I recently stumbled upon this listing of 100 Things Restaurant Patrons Should Never Do from Endless Simmer. I had to share my favorite points with my thoughts on the list:
5. When dining in a small, heavy-volume restaurant (especially one expected to be a quick serve), do not sit 45 minutes after you have finished all food and drinks and have paid the bill. There is most likely a long wait, and you’re ruining everyone’s day.
After reading this rule, a local corned beef institution comes to mind: Slyman’s Restaurant in downtown Cleveland.
I’ve had their sandwiches before, but only dined in one time. I arrived for a 12:45PM lunch meeting and the place was PACKED. They do a nice job of getting people served and outta there, so it was smart for us to plan a later business lunch so we could hang around without upsetting our waitress and the hostess. An extra tip doesn’t hurt either to ensure the lack of sassing.
13. “Yeah, I’ll take” or “Gimme/Get me” are not respectful ways to start a sentence. So don’t do it.
I’m not much of a “gimme”, but this made me realize that I do tend to start my orders with “I’ll take the…”, which is kind of rude when you think about it.

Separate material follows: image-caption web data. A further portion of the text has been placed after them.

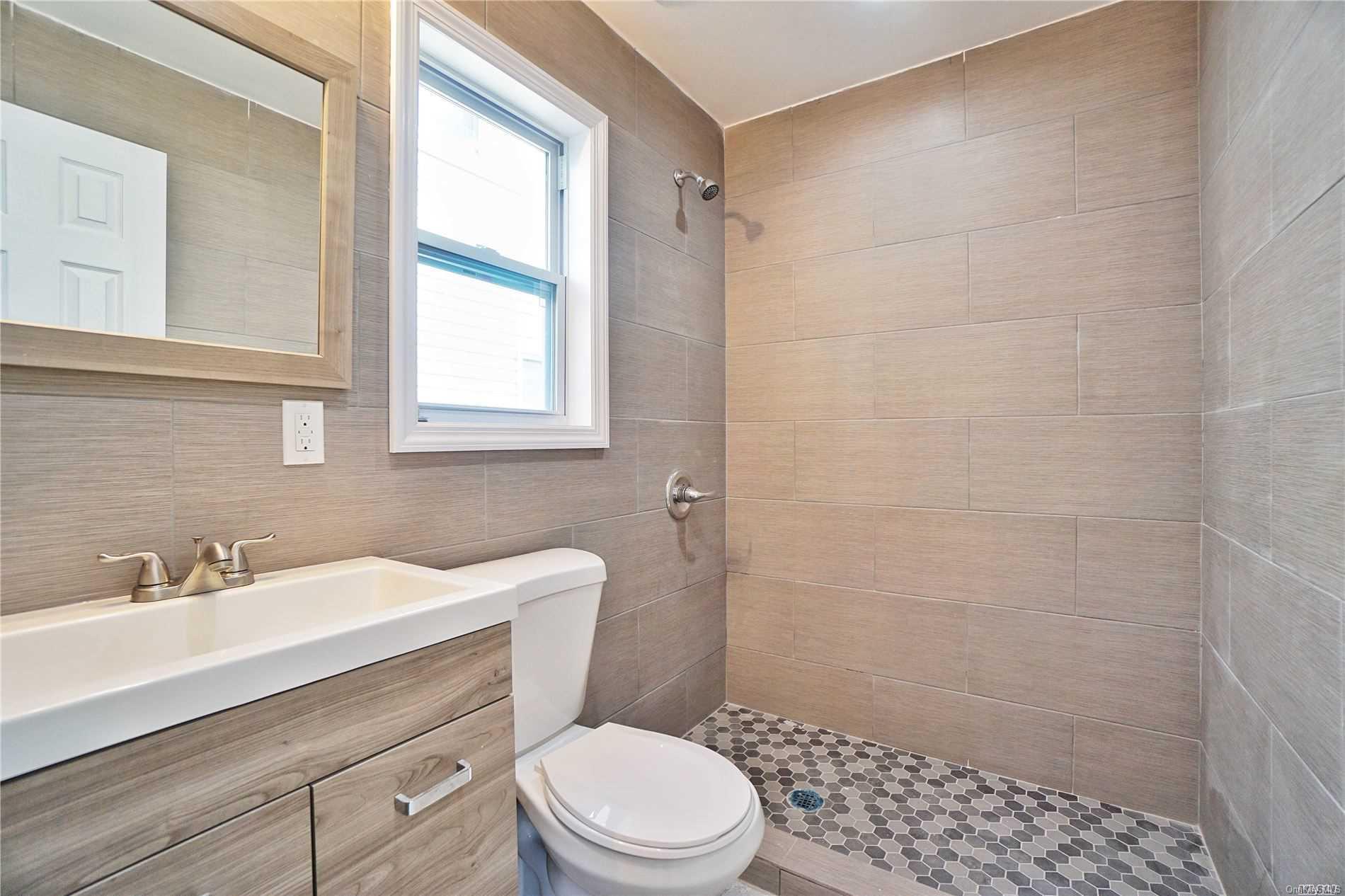 a bathroom with a sink a mirror a toilet and shower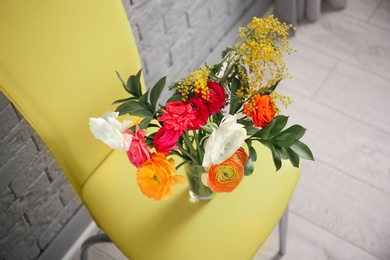 Photo of Vase with beautiful ranunculus flowers on chair indoors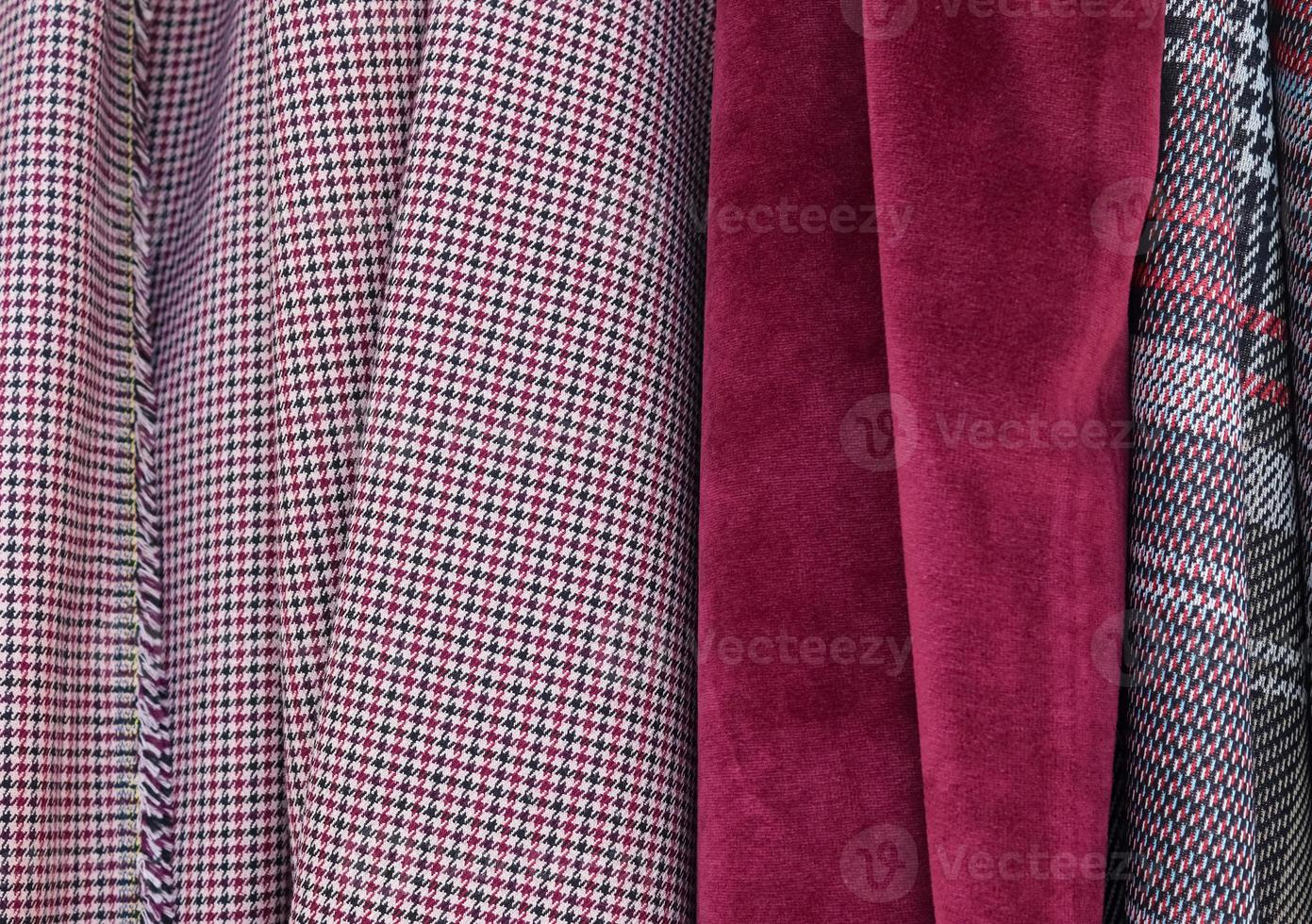 Detailed close up view on samples of cloth and fabrics in different colors found at a fabrics market photo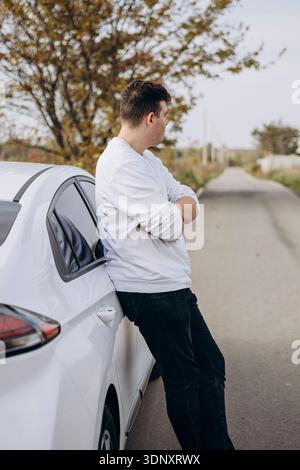 A young man in casual attire leans against a sleek electric car on a quiet countryside road, contemplating the scenic view under the autumn sky. Stock Photo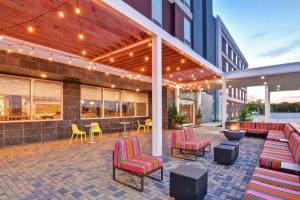 a patio with colorful chairs and tables on a building at Home2 Suites by Hilton La Porte in La Porte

Since then, I’ve done my best to say “I would like to order…” Kill ‘em with kindness, I say.
28. Please don’t be loud– the whole restaurant doesn’t need to hear about every detail of your life. I’m pretty certain the rest of your party isn’t interested, either.
I come from a long line of ridiculously loud Czechoslovakians. Our typical dress for most holidays looks like this:
On top of it, the Italian half of me doesn’t help this situation as I tend to talk with my hands. I have been know to attack innocent bystanders when I get started on certain topics (golden retrievers, John Mayer, my disdain for mail trucks). I am guilty as charged as being potentially annoying in social dining situations. I apologize to all local restaurateurs.
26. If you mention that you’re a frequent Yelp-er or Chowhound-er as a scare tactic, you are officially banned from ever eating out again. That is just so unnecessarily insulting (and makes you look like a real douche and gives all bloggers a bad name.)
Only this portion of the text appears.